Profesionalisme Guru Di Persimpangan Jalan (Refleksi Peran Guru di Akhir Tahun 2022) |
Oleh: Donatus Renggo, S.Ag
Pendahuluan:
Bernasindo.id - Profesi guru memiliki kedudukan dan peranan yang khas dalam kehidupan bermasyarakat. Kedudukan dan peranannya menjadi sangat berarti, bila kita melihatnya dalam perspektif dan harapan masyarakat, di mana berbagai tradisi berupa pengetahuan,ketrampilan dan tatanan hidup bermasyarakat ingin dipelihara dan diwariskan dari generasi ke generasi. Orang sering berasumsi bahwa masa depan suatu bangsa ada di dalam genggaman generasi muda atau kaum milenial. Pernyataan ini mau memberi penegasan bahwa fungsi dan peran seorang guru sangat dibutuhkan karena guru dalam kedudukannya memiliki tugas khusus yaitu membina generasi muda yang menjadi tumpuan dan harapan suatu bangsa. Maka secara logis kita dapat mengatakan bahwa guru merupakan tumpuan dan harapan bangsa.
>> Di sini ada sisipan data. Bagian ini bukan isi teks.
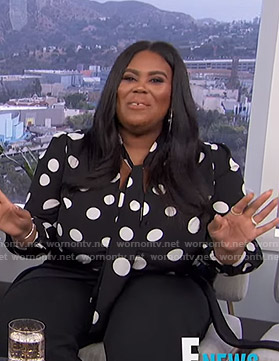 Nina's black polka dot tie neck top on E! News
Baca: Pendidikan Dan Teknologi
Profesi guru secara universal sering disebutkan sebagai pengabdi yang imbalannya lebih kepada hangatnya kepuasan batin. Mereka mempunyai kekuatan (power) yang nyata dalam masyarakat, karena mendapatkan kehormatan membukakan daya pikir bagi pengetahuan dan menolong anak-anak kita membentuk pandangan dan masa depan. Inilah alasan mengapa hampir semua orangtua mempercayakan pendidikan anak-anaknya kepada guru.
Akan tetapi perkembangan peradaban di era digitaliasi dan komunikasi yang sangat transparasi ini telah merubah pandangan terhadap profeasi guru. Banyak orang cenderung mengukur kemajuan peradaban dengan harta kekayaan yang dimiliki. Hal ini berbeda dengan zaman peradaban masih primitif , dimana guru pada waktu itu berada dalam suatu organisasi belajar/mengajar yang masih sangat rendah. Seorang yang pandai memilih jadi guru karena tidak ingin ilmu yang dimilikinya hilang begitu saja setelah ia mati. Kini pendidikan itu sendiri telah menjadi “barang” kebutuhan dimana orang secara sadar memerlukannya. Dengan demikian perbedaan motivasi seorang menjadi guru terletak pada perbedaan kemajuan tingkat peradaban manusia itu sendiri.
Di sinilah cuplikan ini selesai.